What this task involves: Repeat only these lines, exactly: the first line of the data, the line containing "Kalhoty MASCOT® Leeds, tmavě", and every line between them. Pictures stay out.

Data extract below:

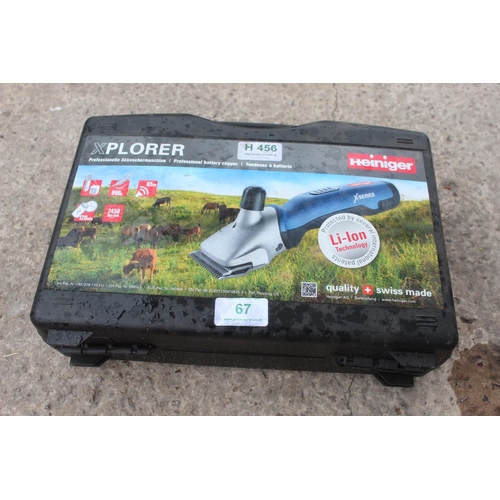 67 - A PAIR OF PLORER X SERIES BATTERY CATTLE CLIPPERS IN WORKING ORDER  + VAT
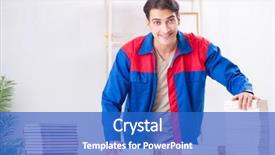  Presentation with book - Slide set consisting of preparation journal - worker in publishing house preparing background and a cobalt blue colored foreground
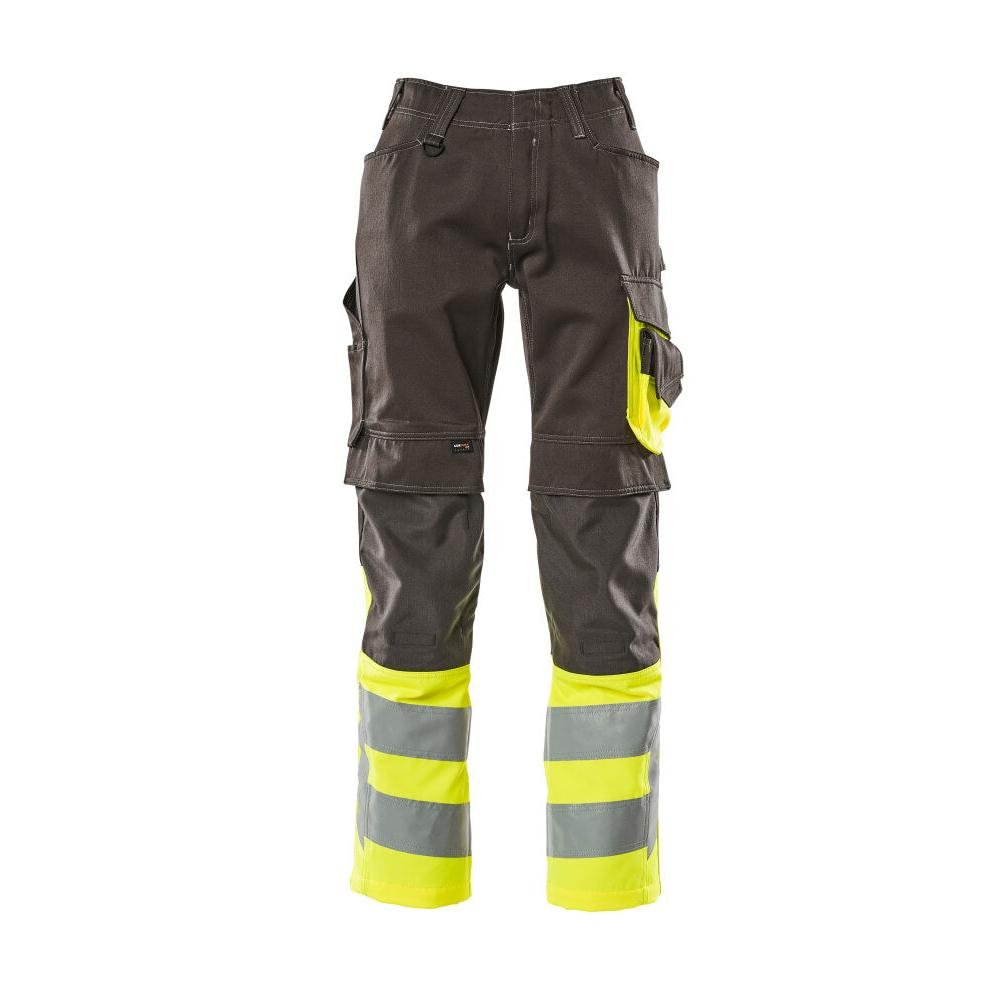 Kalhoty MASCOT® Leeds, tmavě antracitová/hi-vis žlutá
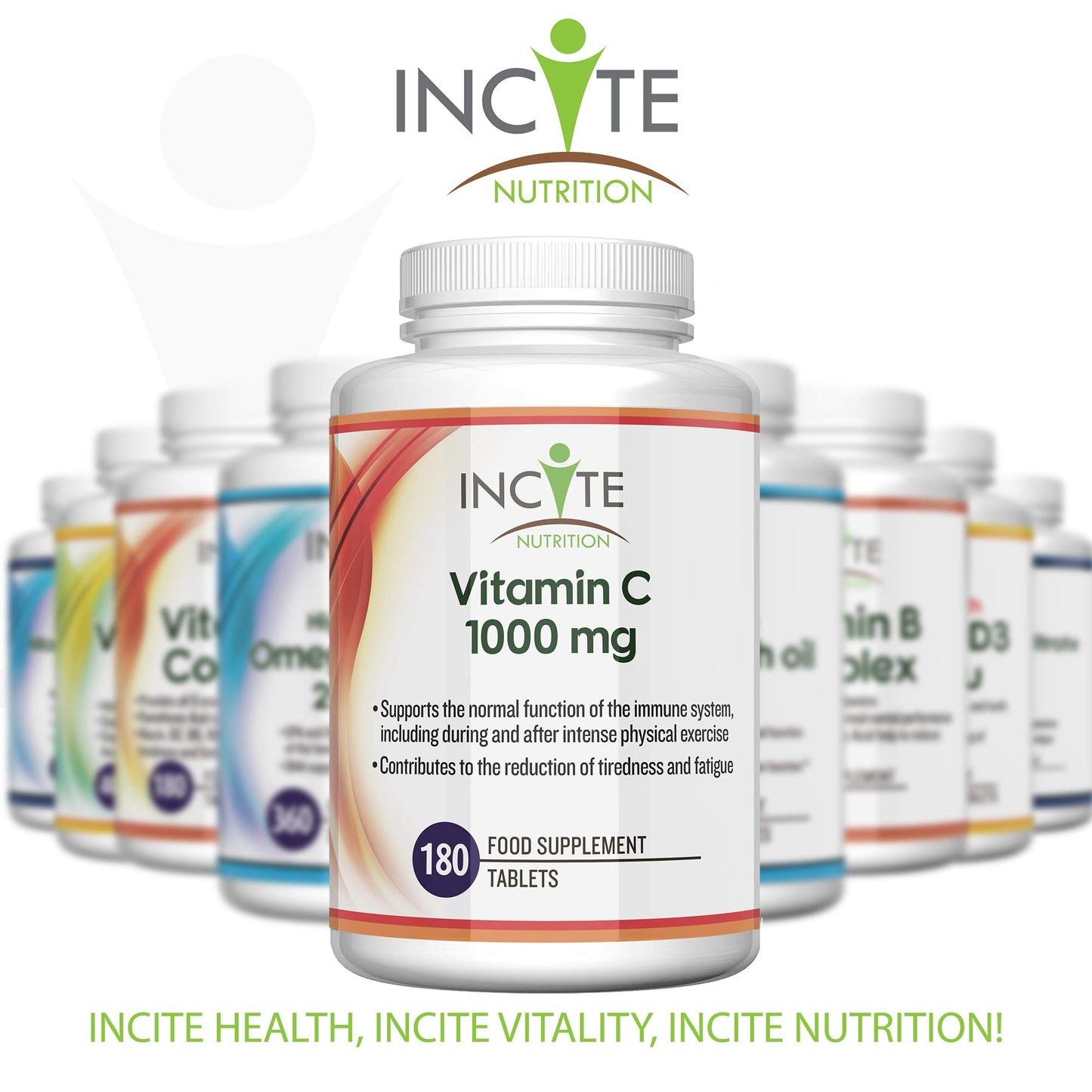 Vitamin C 1000mg | 180 Premium Tablets (6 Month’s Supply) | High Dose Quality Ascorbic Acid | Suitable for Vegetarian & Vegans| Made in The UK by Incite Nutrition®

End of Data extract.

Task solution:
 67 - A PAIR OF PLORER X SERIES BATTERY CATTLE CLIPPERS IN WORKING ORDER  + VAT
  Presentation with book - Slide set consisting of preparation journal - worker in publishing house preparing background and a cobalt blue colored foreground
 Kalhoty MASCOT® Leeds, tmavě antracitová/hi-vis žlutá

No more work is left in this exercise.